* Task goal:
Each entry must appear in the answer exactly as given.

* Data supplied:
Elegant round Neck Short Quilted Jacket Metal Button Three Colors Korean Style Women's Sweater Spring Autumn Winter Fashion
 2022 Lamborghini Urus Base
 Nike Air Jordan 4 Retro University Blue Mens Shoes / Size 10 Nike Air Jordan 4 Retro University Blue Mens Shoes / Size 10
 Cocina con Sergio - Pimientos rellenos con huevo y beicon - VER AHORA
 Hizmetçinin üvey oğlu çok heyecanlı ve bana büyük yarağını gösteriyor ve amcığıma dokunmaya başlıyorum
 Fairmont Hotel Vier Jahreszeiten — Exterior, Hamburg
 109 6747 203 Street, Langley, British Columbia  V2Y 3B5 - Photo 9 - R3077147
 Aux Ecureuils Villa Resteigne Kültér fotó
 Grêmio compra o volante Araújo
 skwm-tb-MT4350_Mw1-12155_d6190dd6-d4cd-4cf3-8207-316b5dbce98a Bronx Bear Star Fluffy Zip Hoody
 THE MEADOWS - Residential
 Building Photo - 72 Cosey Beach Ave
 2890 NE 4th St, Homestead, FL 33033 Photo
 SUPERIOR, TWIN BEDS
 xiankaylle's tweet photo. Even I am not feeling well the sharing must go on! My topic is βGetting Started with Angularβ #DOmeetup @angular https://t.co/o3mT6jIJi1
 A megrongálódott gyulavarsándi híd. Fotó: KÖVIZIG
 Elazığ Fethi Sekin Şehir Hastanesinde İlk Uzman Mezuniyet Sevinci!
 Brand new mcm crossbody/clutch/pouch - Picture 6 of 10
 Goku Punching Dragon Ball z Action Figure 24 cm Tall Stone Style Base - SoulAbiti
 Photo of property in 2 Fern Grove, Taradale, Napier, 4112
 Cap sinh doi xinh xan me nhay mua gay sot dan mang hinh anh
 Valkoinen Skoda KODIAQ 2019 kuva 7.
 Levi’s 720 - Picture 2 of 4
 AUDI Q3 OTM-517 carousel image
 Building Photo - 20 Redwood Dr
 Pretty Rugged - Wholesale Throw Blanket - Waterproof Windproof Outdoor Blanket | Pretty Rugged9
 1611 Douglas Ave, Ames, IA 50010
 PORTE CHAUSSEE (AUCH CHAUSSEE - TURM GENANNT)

* Solution:
Elegant round Neck Short Quilted Jacket Metal Button Three Colors Korean Style Women's Sweater Spring Autumn Winter Fashion
 2022 Lamborghini Urus Base
 Nike Air Jordan 4 Retro University Blue Mens Shoes / Size 10 Nike Air Jordan 4 Retro University Blue Mens Shoes / Size 10
 Cocina con Sergio - Pimientos rellenos con huevo y beicon - VER AHORA
 Hizmetçinin üvey oğlu çok heyecanlı ve bana büyük yarağını gösteriyor ve amcığıma dokunmaya başlıyorum
 Fairmont Hotel Vier Jahreszeiten — Exterior, Hamburg
 109 6747 203 Street, Langley, British Columbia  V2Y 3B5 - Photo 9 - R3077147
 Aux Ecureuils Villa Resteigne Kültér fotó
 Grêmio compra o volante Araújo
 skwm-tb-MT4350_Mw1-12155_d6190dd6-d4cd-4cf3-8207-316b5dbce98a Bronx Bear Star Fluffy Zip Hoody
 THE MEADOWS - Residential
 Building Photo - 72 Cosey Beach Ave
 2890 NE 4th St, Homestead, FL 33033 Photo
 SUPERIOR, TWIN BEDS
 xiankaylle's tweet photo. Even I am not feeling well the sharing must go on! My topic is βGetting Started with Angularβ #DOmeetup @angular https://t.co/o3mT6jIJi1
 A megrongálódott gyulavarsándi híd. Fotó: KÖVIZIG
 Elazığ Fethi Sekin Şehir Hastanesinde İlk Uzman Mezuniyet Sevinci!
 Brand new mcm crossbody/clutch/pouch - Picture 6 of 10
 Goku Punching Dragon Ball z Action Figure 24 cm Tall Stone Style Base - SoulAbiti
 Photo of property in 2 Fern Grove, Taradale, Napier, 4112
 Cap sinh doi xinh xan me nhay mua gay sot dan mang hinh anh
 Valkoinen Skoda KODIAQ 2019 kuva 7.
 Levi’s 720 - Picture 2 of 4
 AUDI Q3 OTM-517 carousel image
 Building Photo - 20 Redwood Dr
 Pretty Rugged - Wholesale Throw Blanket - Waterproof Windproof Outdoor Blanket | Pretty Rugged9
 1611 Douglas Ave, Ames, IA 50010
 PORTE CHAUSSEE (AUCH CHAUSSEE - TURM GENANNT)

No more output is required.